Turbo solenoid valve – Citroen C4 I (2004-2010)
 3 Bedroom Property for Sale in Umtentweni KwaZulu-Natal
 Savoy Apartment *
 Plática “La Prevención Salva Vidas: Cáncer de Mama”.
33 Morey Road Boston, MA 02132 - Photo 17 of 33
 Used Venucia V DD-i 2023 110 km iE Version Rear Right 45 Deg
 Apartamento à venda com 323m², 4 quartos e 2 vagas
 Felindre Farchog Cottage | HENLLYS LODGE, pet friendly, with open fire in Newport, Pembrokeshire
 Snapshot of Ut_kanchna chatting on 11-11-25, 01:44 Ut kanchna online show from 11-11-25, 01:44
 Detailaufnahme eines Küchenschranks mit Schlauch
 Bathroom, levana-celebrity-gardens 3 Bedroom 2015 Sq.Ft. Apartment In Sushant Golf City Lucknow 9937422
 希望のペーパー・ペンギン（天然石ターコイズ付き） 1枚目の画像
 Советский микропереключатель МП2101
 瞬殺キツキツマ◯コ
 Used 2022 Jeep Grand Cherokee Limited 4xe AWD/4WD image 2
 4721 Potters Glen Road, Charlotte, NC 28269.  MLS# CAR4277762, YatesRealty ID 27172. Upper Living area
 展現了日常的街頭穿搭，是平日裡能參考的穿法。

┄┄┄┄┄┄

Task objective
Within the data above, filter for lines containing the word "Apartment" and copy each one.

Exercise output
 Savoy Apartment *
 Bathroom, levana-celebrity-gardens 3 Bedroom 2015 Sq.Ft. Apartment In Sushant Golf City Lucknow 9937422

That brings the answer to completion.